Enterobacter asburiae PSI3, a gluconic acid producing, P-solubilizing rhizobacterium was genetically modified so as to express invertase enzyme in the periplasm by heterologous cloning of the invertase-encoding genes from two different sources viz. Zymomonas mobilis and Saccharomyces cerevisiae. The transformants of both the genes showed high invertase activity in E. coli as well as E. asburiae while the native strains of both organisms are invertase negative.

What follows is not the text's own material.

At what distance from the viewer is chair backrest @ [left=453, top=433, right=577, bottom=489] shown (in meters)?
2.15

In E. asburiae PSI3 transformants there was higher acidification of the medium due to gluconic acid production using sucrose as the carbon source indicating that the combined action of invertase and the resident GDH of the organism resulted in gluconic acid when sucrose was the carbon source, whereas the native organism produced gluconic acid only when provided with glucose in the medium. In E. coli this phenomenon was not observed since the resident GDH of E. coli is inactive due to lack of biosynthesis of its cofactor PQQ. To the best of our knowledge this is the first report of gluconic acid production by soil bacterium using sucrose as the carbon source.